Noto in Italia come Dionisio il Fiammingo era molto apprezzato per la lucentezza cromatica dei colori smaltati, l’esecuzione della prospettiva, nell’accuratezza dei dettagli, che meglio si apprezzano nei suoi piccoli e ricercati dipinti in rame nei quali si scorge spesso l’influenza del Barocci, come in questo caso. Fu talmente stimato, che bensì in netto contrasto con l’Accademia dei Carracci, nota anche come Accademia dei Desiderosi e quindi quale Accademia degli Incamminati (1590), fu Ludovico Carracci in persona ad occuparsi delle onoranze funebri di Calvaert officiate nella chiesa dei Serviti.

In questo dipinto inedito la scena dell’Annunciazione si svolge all’interno della camera di Maria, come si evince dal baldacchino sullo sfondo sinistro.  Sullo stesso lato la Vergine è inginocchiata sullo scalino di un inginocchiatoio era intenta a leggere, ma viene interrotta dall’arrivo dell’Angelo Gabriele sulla sua destra inginocchiato dinnanzi a lei. Maria è vista di trequarti con il volto girato indietro verso l’Angelo, lo sguardo abbassato sul giglio bianco chinato verso terra, che è adagiato nella mano sinistra, posata sul ginocchio destro dell’Angelo, quale evidente riferimento all’ Umiltà e alla Purezza, simboli imprescindibili nell’Annunciazione. Lo stesso vale per il gesto con il quale Maria porta il braccio destro a se sul petto a chiudere il velo, che le scende dalle spalle, quale segno di Castità, mentre la mano sinistra si adagia con delicatezza  sulle pagine del libro posto sul leggio davanti a lei .

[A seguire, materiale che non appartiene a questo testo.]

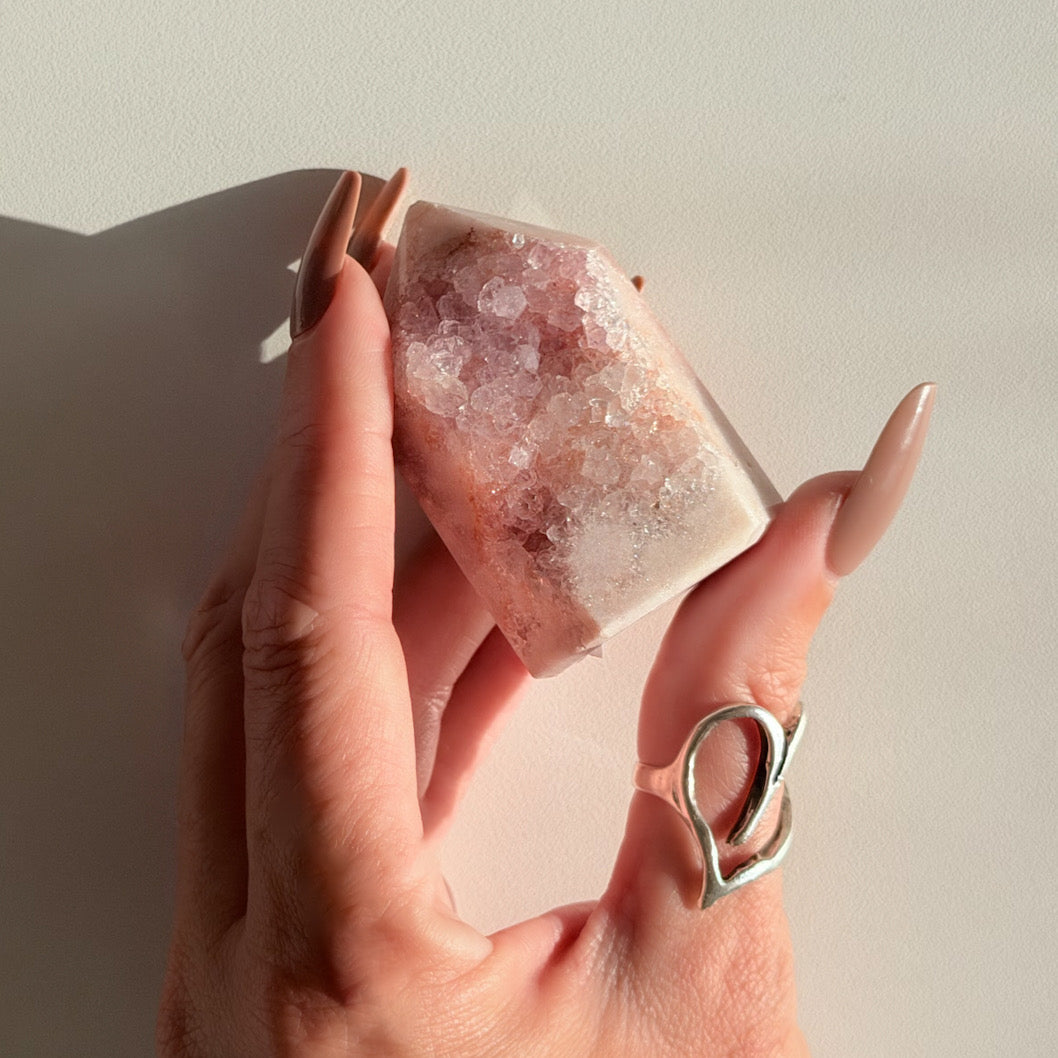 Pink Amethyst Point | 88g | 6x3.5cm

Sulla destra in alto lo spazio intimo nel quale si trova la scena viene interrotto da un ampio arco sormontato da una balaustra: una finestra dalla quale si intravede un paesaggio urbano- evidente è l’omaggio all’Annunciazione (1582) di Federico Barocci (1535-1612) nella cui finestra si intravede il Palazzo Ducale di Urbino e che fanno datare il dipinto intorno all’ultimo decennio del XVI sec.

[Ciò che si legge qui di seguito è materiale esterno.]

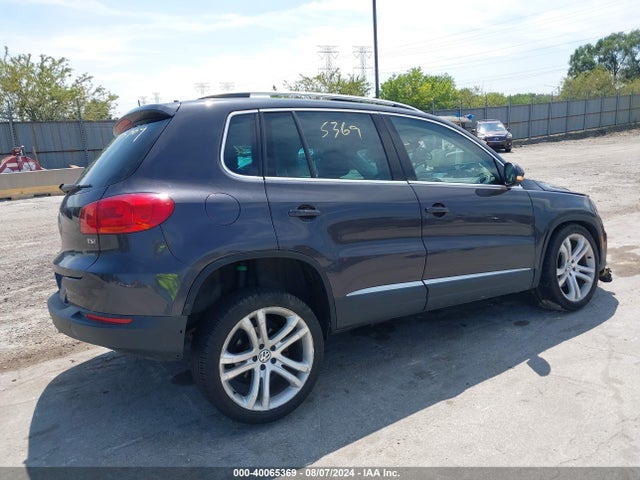 WVGAV7AX2GW577691 Volkswagen Tiguan Sel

L’ Arcangelo, messaggero di Dio, è colto mentre punta il dito verso l’alto al centro della scena una nube incorniciata da due angioletti, che la delimitano e sorreggono come Telamone. Verso il centro dei circoli concentrici di Cherubini avvolti dalla nube, mentre dall’interno erompe uno squarcio di luce abbagliante dal quale fuoriesce la Colomba bianca, quale simbolo dello Spirito Santo, proiettato verso Maria in basso a sinistra. Questo tema dello Spirito Santo è molto caro a Calvaert ed è assai ricorrente nella sua pittura, specie in quella particolarmente ricercata e apprezzata e come meglio rappresentata in questo piccolo dipinto su rame destinato certamente alla devozione di una esigente clientela privata e nel quale si riassume la cura per il dettaglio, lo splendore e l’armonia dei colori e l’esecuzione raffinata della prospettiva. 

La cornice dalla struttura essenziale si complica con intagli più ricchi. La modanatura interna, detta a battuta, sopravanza leggermente il telaio per trattenere il dipinto, quella esterna, detta al profilo, svolge una funzione meramente decorativa e di chiusura. Il profilo esterno viene celato da motivi ornamentali sovrapposti di frutti, foglie e volute. 

Questa composizione trova un suo diretto riscontro in un’ altra Annunciazione, che si trova nell’Archivio di Federico Zeri e da lui attribuita a Denis Calvaert, ma mancante della scena centrale dello Spirito Santo.